В карих расширенных глазах Меланьи и страх, и смятение духа. «Можно ли так поступить по истинной вере? – спрашивает себя Меланья и тут же гонит сомненье: – Знать, тятеньке ведомо, как должно».
– Про сон-то – правда, тятя?
– Христос с тобой! Истинно так свершилось, как сказал. И сон и явь. И матушку зрил, как вот тебя сейчас. И ты явилась пред глазами моими голая, паки Ева.
– Свят, свят. К добру ли?
– Родительница к лихости не явится. Потому как я сын ее; плоть и кровь – едины.

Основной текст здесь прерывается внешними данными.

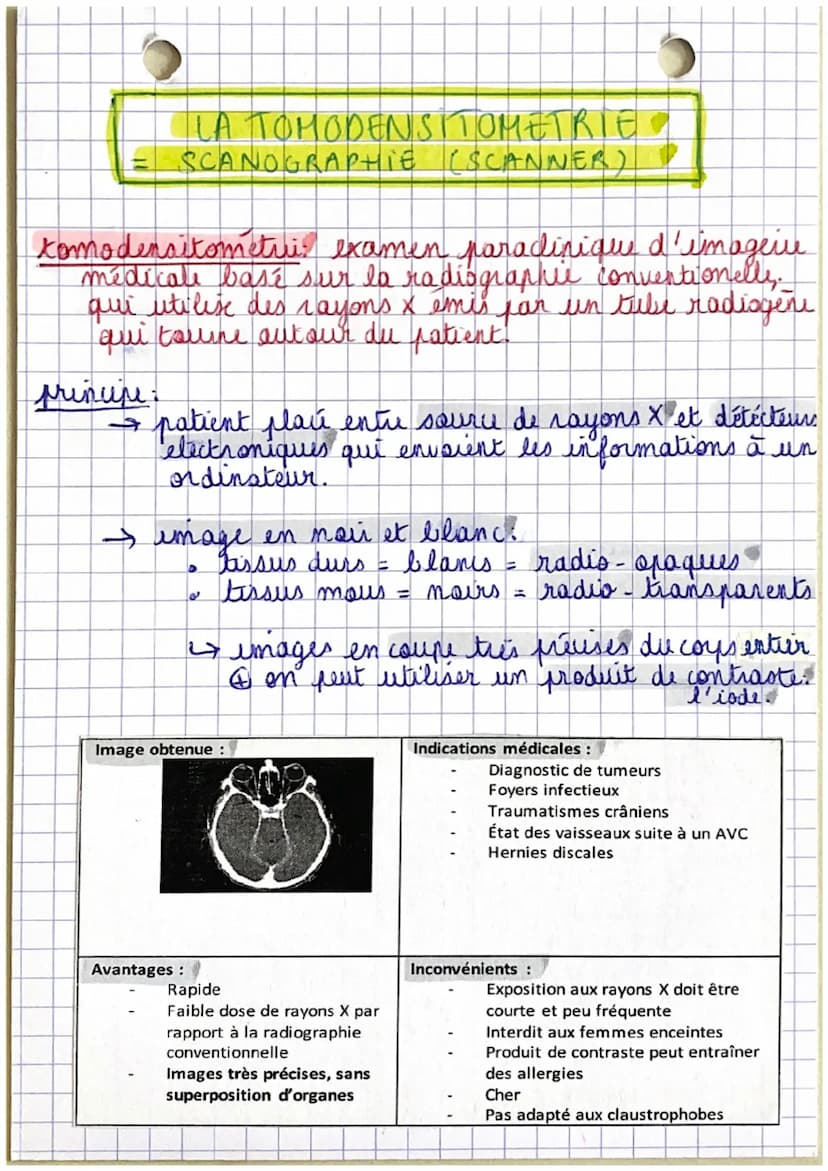 LA RADIOGRAPHIE CONVENTIONNELLE
radiographic examen paraclinique d'imagerie
medicale qui utilise des rayons x pour explorer.
certaines parte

– Господи, хоть бы к добру! – скрестила руки на груди Меланья, не в силах подняться с лагушки. – Я вить во всем повинна, тятенька. Сами видите. Только чтоб по вере, как в Писании.
– Истинно так! – поддакнул Прожигай Веденеевич. – Вот приедем домой, радеть будем, и я прочитаю тебе откровение Моисеево про дочерей Лота, как они проживали в пещере, когда господь бог покарал нечестивых содомцев. И сказала старшая дочь младшей: «Отец наш стар, и нету человека, который бы спал с нами». Тогда они напоили отца вином, и каждая спала с родителем. Смыслишь то? И сделались обе дочери Лотовы беременны от отца свово. И родила старшая дочь сына, и нарекла ему имя Моава, што значает: «от отца моево»…

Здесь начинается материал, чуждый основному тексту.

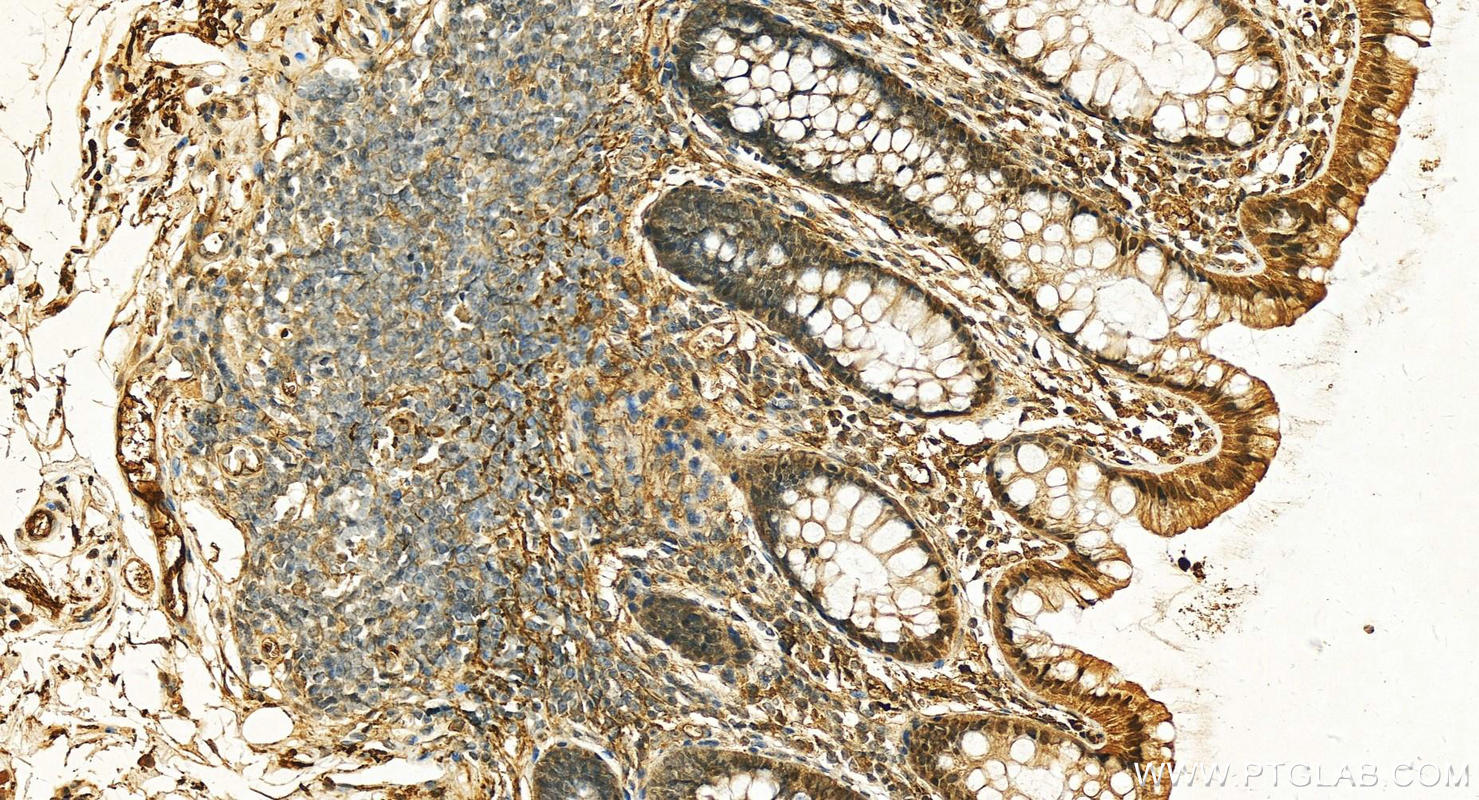IHC staining of human colon using 20773-1-AP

– Ой! – всплеснула ладошками Меланья. – Ужли правда?
– Окстись! Про божье Писание толкую, а ты экое слово кинула.
– Прости, тятенька. Да ведь отец-то, отец-то!

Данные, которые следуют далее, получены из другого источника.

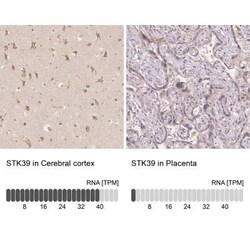 STK39 Antibody, Novus Biologicals:Antibodies:Primary Antibodies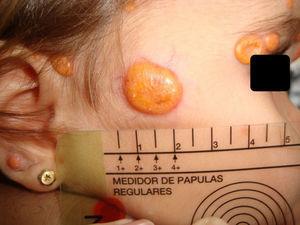Múltiples lesiones macronodulares de coloración amarillenta a nivel facial.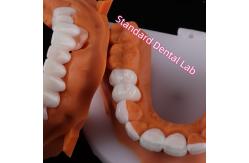 China Lithium Dicilicate layer Ivoclar Emax Zirconia Laminate Veneers Translucent OEM ODM supplier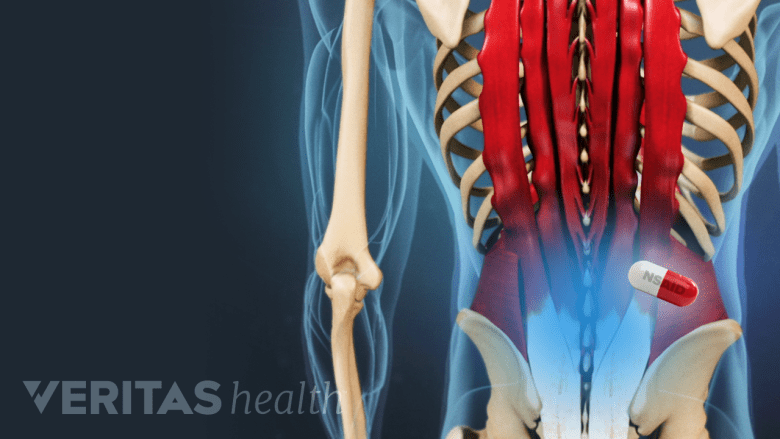 Illustration showing lowback area highlighted in blue with a pill.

– И што? Для бога мы все, как есть, дети. Веровать надо. Без пререкания и оглядки.
– Верую, батюшка, – потупилась Меланья.
– Оборони бог суперечить создателю. Кару накличешь. И на себя, и на плод свой. Помолимся, чтоб дух очистить пред господним небом.
Стали на колени рядышком и, глядя на восток, долго молились на небо, сплошь ватянутое волглыми тучами.
Приобщившись к богу, Меланья пошла в стан за дочерью.
Чайник вскипел и брызнул через крышку на огонь. Прокопий Веденеевич снял чайник с крючка, сходил в стан, разбудил там худенькую няню Анютку и вынес продукты.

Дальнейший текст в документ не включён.